25 Sep, 2009 08:10 AM
The Aboriginal Legal Rights Movement has made what it calls a reluctant and embarrassing plea to the public to help fund legal services for indigenous South Australians.

Neil Gillespie, chief executive officer of the Aboriginal Legal Rights Movement (ALRM) of South Australia, says state and federal governments have not provided enough funding for the Aboriginal Torres Strait Islander Legal Service (ATSILS) to seek justice for victims of the stolen generation.

Mr Gillespie says he has been wrongly accused of using ATSILS funding to pay for an advertisement that appeared in The Australian yesterday, but in fact the money came from his own pocket.

The page two advertisement, which "reluctantly and embarrassingly calls on the Australian community" to donate $750,000, coincides with the National Indigenous Legal Conference in Adelaide and a visit by Commonwealth Attorney-General Robert McClelland.

Mr McClelland told reporters in Adelaide yesterday the advertisement was not entirely correct in claiming funding had been static since 1996.
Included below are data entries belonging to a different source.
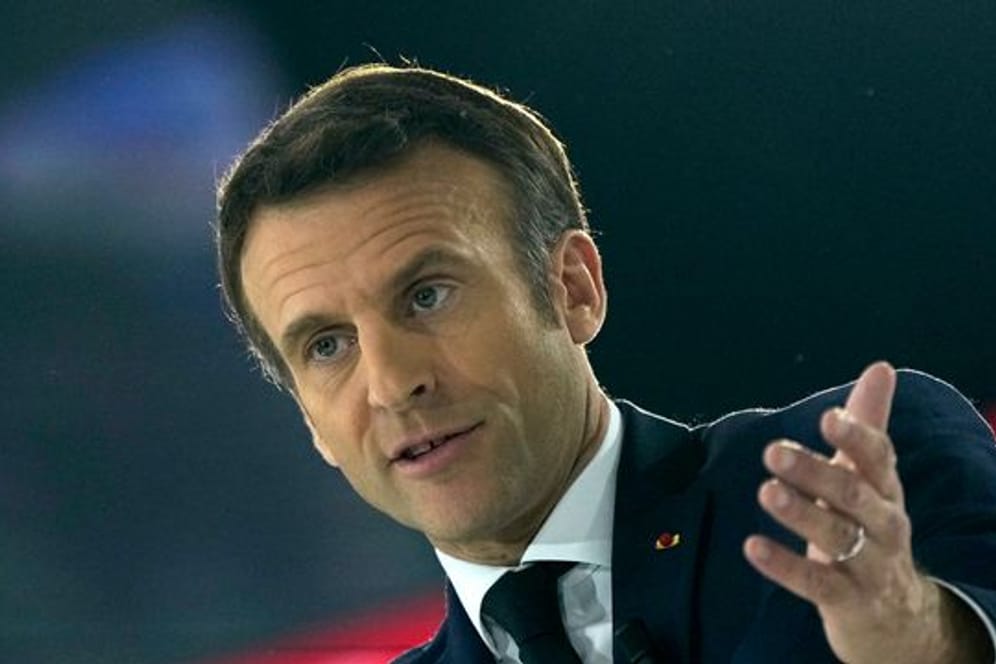Frankreichs Präsident Emmanuel Macron spricht während einer Wahlkampfveranstaltung in der La Defense Arena in Nanterre.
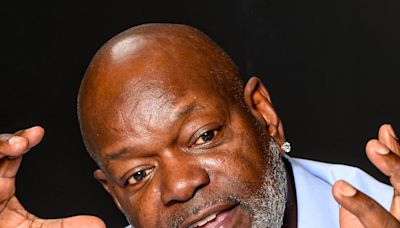 Gators legend Emmitt Smith to serve as Mr. Two Bits vs. Texas A&M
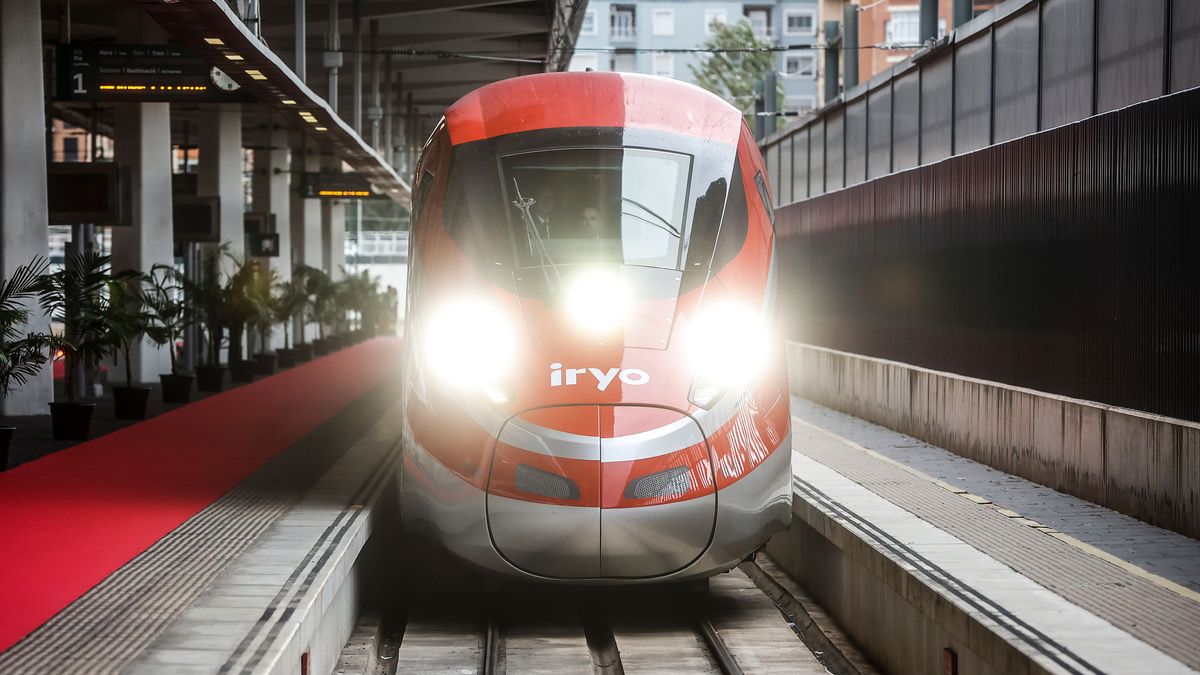 El tren Iryo llega a la estación de València Joaquín Sorolla desde Madrid, a 21 de noviembre de 2022, en Valencia, Comunidad Valenciana (España). El tren Iryo llega a la estación de València Joaquín Sorolla desde Madrid, a 21 de noviembre de 2022, en Valencia, Comunidad Valenciana (España).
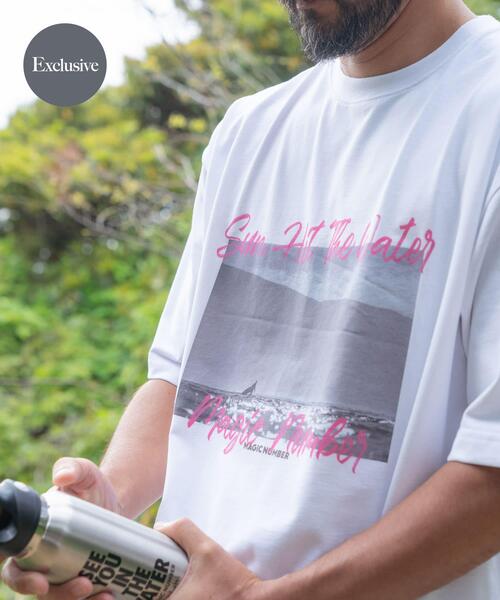 MAGIC NUMBER（マジック ナンバー）の「UpDRIFT×MAGIC NUMBER　T-SHIRTS3（Tシャツ/カットソー・メンズ・ブルー/レッド/ブラック・SMALL/MEDIUM/LARGE）」の3枚目の写真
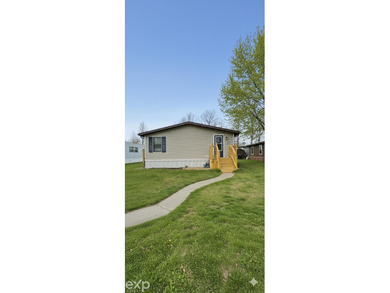 (private lake, pond, creek) Home For Sale in Marysville Michigan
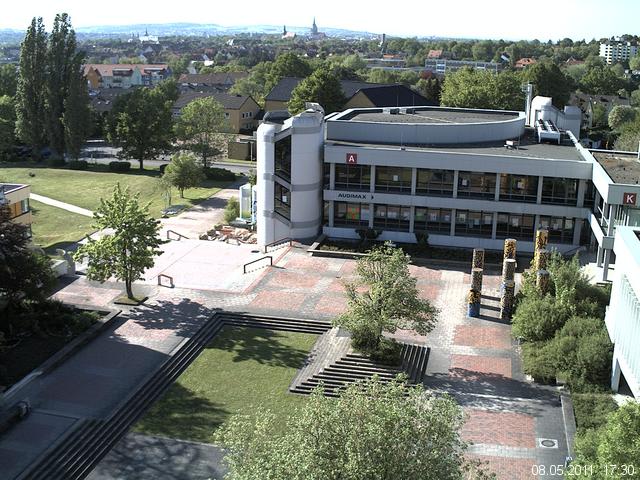 Foto der Webcam: Verwaltungsgeb&auml;ude, Innenhof mit Audimax, H&ouml;rsaal-Geb&auml;ude 1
He said his predecessor, Bob Debus, had achieved an increase of about 30 per cent in one-off funding for the service in two years.

"That's not to say there's not an ongoing and ever-present need for resources, but I think ... Bob Debus in particular literally put his money where his mouth is," he said.

"We're in the process of renegotiating an agreement with community legal centres and legal aid commissions, and we're looking at what we can do to try to get that funding on a more sustainable basis."

Legal aid services across the country are understood to be struggling to gain the necessary funding to continue operating.